Ever since the advent of music streaming sites, album sales have significantly dropped. Gone are the days people regularly go out to record stores to pick up the newest album or vinyl. Gone are the days people went out to get new music at all. With a plethora of music at the fingertips of any user of the internet, it is no wonder that album sales have declined dramatically since the turn of the century.
Numbers back up the sentiment that purchasing albums is an antiquated method of acquiring music. In 2000, $785 million was made through album sales whereas only $326.15 million was accrued in 2010. This steady drop off can be accounted for by illegal and legal streaming websites and torrenting online. Now, people can get essentially all the music they want for free, so why would they pay for an album?
To combat this paradigm shift, many artists are taking to the road. They have to rely more heavily on touring and merchandise sales (a projected $225,000 a show) to curb the lack of funds from album sales. Enter sites like Bandcamp, an online music store geared towards independent artists and their promotion. Artists on Bandcamp put their music into the world for free, since most songs are available to stream even without an account, but users can also purchase songs or albums. Internet sharing sites like these, that cater towards smaller markets, foster the growth of a dying industry.
Music is still as popular as it was before, possibly even more so now, but it’s interesting to see the evolution of how people consume it with the advent of streaming sites. It shifted from mostly a typical consumerist mentality to more of a donation-like “pay as you wish” landscape. This radical change prompted artists and bands to stack up on tour dates, subsidizing their bank accounts from the money evaporated in album sales.
Stacking up tour dates not only provides artists with a heftier bank account but also takes a toll on the musicians. And this is not a little known fact in the music industry. David Bowie himself stated, “Music itself is going to become like running water or electricity. You’d better be prepared for doing a lot of touring because that’s really the only unique situation that’s going to be left.”

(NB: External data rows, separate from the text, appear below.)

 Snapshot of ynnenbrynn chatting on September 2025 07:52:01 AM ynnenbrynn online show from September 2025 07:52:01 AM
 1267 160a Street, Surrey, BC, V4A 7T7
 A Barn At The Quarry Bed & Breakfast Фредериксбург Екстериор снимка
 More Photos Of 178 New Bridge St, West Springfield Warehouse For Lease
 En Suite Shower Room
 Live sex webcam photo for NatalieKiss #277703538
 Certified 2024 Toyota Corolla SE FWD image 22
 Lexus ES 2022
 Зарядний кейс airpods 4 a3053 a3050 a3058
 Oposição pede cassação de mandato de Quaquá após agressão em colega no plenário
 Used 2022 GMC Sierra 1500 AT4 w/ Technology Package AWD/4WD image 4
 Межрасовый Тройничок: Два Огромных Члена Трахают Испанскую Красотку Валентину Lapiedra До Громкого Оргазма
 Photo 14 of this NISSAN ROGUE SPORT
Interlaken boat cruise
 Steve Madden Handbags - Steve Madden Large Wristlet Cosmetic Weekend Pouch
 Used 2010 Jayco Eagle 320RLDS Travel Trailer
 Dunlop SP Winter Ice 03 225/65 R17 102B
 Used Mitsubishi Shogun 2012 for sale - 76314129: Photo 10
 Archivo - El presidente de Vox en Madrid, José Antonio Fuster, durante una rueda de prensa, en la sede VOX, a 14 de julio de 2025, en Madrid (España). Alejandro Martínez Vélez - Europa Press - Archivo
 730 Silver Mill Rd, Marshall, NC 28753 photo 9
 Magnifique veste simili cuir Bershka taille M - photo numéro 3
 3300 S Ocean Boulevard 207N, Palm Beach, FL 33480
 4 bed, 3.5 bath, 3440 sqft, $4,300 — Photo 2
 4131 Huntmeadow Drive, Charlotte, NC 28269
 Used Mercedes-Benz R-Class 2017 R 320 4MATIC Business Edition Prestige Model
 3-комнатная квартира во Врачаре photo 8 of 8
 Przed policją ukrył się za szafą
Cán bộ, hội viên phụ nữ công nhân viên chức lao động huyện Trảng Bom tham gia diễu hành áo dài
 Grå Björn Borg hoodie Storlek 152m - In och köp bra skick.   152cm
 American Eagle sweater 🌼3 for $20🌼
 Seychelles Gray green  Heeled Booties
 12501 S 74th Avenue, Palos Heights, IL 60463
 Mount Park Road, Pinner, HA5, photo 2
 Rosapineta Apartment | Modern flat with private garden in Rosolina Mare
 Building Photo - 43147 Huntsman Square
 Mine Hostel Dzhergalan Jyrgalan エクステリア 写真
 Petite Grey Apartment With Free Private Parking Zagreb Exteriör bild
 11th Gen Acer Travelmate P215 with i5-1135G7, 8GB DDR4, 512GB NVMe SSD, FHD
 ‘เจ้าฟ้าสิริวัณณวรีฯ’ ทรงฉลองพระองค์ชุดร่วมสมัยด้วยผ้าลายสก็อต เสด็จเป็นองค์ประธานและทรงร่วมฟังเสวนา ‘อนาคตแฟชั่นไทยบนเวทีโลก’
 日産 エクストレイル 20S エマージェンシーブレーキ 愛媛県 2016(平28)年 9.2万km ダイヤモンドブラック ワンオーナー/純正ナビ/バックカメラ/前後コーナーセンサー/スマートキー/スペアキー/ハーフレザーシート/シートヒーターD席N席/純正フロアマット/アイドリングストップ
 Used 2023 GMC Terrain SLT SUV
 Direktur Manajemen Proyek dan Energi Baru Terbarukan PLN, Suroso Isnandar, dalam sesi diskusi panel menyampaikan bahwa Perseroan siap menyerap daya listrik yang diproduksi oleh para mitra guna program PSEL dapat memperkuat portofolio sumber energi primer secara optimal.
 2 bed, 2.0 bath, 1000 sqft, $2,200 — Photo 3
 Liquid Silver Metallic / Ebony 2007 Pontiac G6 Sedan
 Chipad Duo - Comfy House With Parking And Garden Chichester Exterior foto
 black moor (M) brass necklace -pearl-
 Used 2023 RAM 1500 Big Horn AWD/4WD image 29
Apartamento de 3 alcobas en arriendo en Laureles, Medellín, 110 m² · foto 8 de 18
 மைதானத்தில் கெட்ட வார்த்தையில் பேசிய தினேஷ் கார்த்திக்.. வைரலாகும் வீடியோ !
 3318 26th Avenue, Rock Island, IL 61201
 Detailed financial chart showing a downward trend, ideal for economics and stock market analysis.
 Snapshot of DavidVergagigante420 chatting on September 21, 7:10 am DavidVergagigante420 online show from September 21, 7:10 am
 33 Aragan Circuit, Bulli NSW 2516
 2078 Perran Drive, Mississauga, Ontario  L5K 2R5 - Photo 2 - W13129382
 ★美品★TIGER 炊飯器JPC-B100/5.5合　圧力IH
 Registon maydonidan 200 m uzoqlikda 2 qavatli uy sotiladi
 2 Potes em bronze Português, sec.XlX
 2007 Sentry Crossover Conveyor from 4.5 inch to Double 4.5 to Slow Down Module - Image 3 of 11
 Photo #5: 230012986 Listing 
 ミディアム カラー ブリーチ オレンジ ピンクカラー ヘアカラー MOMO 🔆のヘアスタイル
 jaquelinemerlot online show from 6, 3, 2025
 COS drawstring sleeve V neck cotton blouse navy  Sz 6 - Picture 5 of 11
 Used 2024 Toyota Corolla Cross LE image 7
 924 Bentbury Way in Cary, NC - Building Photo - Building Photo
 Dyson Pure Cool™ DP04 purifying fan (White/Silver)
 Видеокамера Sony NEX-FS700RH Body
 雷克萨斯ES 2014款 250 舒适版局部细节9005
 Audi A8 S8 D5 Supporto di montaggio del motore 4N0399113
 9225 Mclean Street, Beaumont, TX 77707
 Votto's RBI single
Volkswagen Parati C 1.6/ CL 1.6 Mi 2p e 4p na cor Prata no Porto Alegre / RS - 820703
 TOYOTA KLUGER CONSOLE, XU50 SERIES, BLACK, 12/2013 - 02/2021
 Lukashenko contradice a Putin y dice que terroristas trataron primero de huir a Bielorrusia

For a man climbing up in age, it’s not difficult to see the apparent drawbacks from prioritizing touring as a form of monetary sustenance. It takes countless hours of travel, preparation, and practice to perfect a set on stage. This strain is compacted exponentially when they are faced with back-to-back shows on the road.
Further, it costs money to tour as well. Take the indie band, Pomplamoose, for example. In 2014, they did 24 shows in 23 cities over the span of 28 days. They estimated that they garnered about $100,000 in ticket sales, but spent around $147,802 in expenses, ranging from production and equipment to hotels and food. These numbers obviously vary from artist to artist, with factors like popularity and reception being considered, but it simply goes to show that constant touring is an incredibly tough lifestyle. It’s not what the media makes it out to be — it’s not all glitz and glamour.
So, with album sales only providing about 10 percent of artists’ income and touring being so difficult, it’s tough to predict what musicians will take up in the next few decades. One thing’s for certain, however — in this business, nothing is.